Quando Bacco serve alla riminese

    Il 7 settembre dello scorso anno è nato il Manifesto degli espatriati. L’iniziativa, lanciata da due giornalisti, Claudia Cucchiarato e Sergio Nava, al grido di l’Italia non è un paese per giovani, ha subito riscosso un grande successo, raccogliendo centinaia di adesioni. A parlare sono soprattutto ragazzi e ragazze costretti a lasciare il paese per dare vita alle loro aspirazioni. Persone che qui non trovano spazio per la professione per cui hanno studiato. In molti partono, in pochi tornano. E sarà così, a detta dei due fondatori, fino a che l’Italia non riuscirà a fornire le garanzie minime per invogliare cittadini e investitori a lavorare qui.

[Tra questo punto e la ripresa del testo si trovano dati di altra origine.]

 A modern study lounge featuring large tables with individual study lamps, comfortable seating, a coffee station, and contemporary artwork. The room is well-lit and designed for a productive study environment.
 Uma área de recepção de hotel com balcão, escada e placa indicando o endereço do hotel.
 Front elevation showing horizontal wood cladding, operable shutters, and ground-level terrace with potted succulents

    Anche le nostre due storie di Riminesi nel mondo raccontano la stessa voglia di fuga, di respiro. Per Emanuele Pasquinelli la partenza non è stata una necessità, ma una sfida che però si è subito trasformata in un’occasione allettante. Ventinovenne, residente a San Clemente, Emanuele dopo la laurea ha lavorato come consulente finanziario e poi agente.
    “A fine 2009, mentre ero ancora sotto contratto come agente finanziario mi contatta mio zio Sergio, che vive e lavora in Thailandia da circa 11 anni. Possiede un ristorante in pieno centro, a Bangkok da circa 400 posti, cucina tipica italiana con prevalenza romagnola. La sua idea è di ampliare l’attività con un franchising. Per me è stata una sfida irresistibile. Ho lasciato lavoro, amici e parenti e sono partito. L’esperienza di lavoro nei ristoranti mi mancava, e la tentazione di mettere assieme le mie due professioni è stata grande”.

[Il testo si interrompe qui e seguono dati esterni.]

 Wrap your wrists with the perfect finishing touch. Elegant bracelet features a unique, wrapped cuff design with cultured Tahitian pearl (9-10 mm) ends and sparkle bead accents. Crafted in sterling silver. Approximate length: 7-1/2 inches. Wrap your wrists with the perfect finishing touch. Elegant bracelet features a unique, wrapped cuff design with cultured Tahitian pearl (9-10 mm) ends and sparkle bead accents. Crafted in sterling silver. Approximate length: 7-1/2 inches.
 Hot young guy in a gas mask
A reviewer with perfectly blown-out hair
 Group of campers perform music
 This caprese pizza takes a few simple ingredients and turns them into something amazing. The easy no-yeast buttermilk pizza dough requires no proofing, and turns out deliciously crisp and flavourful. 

    Dopo un periodo di lavoro insieme allo zio, il 4 marzo del 2010, Emanuele apre il suo locale: il ristorante The Bacco (www.thebacco.com) con annessa palestra Bludeck, un po’ fuori città, in zona aeroporto. Com’è stata l’esperienza?
    “Il primo impatto è stato difficoltoso. Le abitudini qui sono molto diverse. Al ristorante i commensali prediligono lo stile dello sharing: pietanza nel mezzo e tutti che si servono da lì. Nessun piatto individuale. Oppure la cultura di portarsi il proprio vino al ristorante o quello di farsi impacchettare il cibo rimasto per mangiarlo a casa. Cose a cui noi non siamo abituati”.
    Cosa prepari nel tuo ristorante?
    “Il menù è tutto italiano, con maggioranza di piatti romagnoli. L’80% dei prodotti è di importazione italiana, il resto è locale, oppure arriva dall’Australia. È un ristorante per una fascia medio alta di persone, anche perché i prodotti importati hanno una maggiorazione terribile, anche del 3 o 400%. Comunque il ristorante va bene. Il lavoro cresce. Ad oggi ho 42 dipendenti tra cucina, servizio e ufficio. Ho anche aperto un servizio di consegne a domicilio e mi sto organizzando per il catering”.
    Fuori dal lavoro come ti trovi in Thailandia?
    “Mi trovo bene. È una cultura molto diversa. È difficile farsi amici, soprattutto perché lavoro tanto. Per molti thailandesi, poi, gli stranieri sono quelli coi soldi e quindi è difficile avere rapporti. Sotto altri aspetti, invece, i Thai sono molto simili a noi. Sentono molto forte il valore della famiglia e della riservatezza. Per il resto Bangkok è una grande metropoli e i divertimenti non mancano, anche se sento nostalgia dell’atmosfera della mia Rimini, del mare, delle vacanze estive, delle persone”.
    Pensi mai di tornare?
    “Mi piace considerare questa come un’esperienza non definitiva. Aspetto momenti migliori in Italia per tornare. Qui, in effetti, c’è la possibilità di fare cose enormi se uno ha voglia. In Italia e in Europa secondo me non sarebbe altrettanto facile”.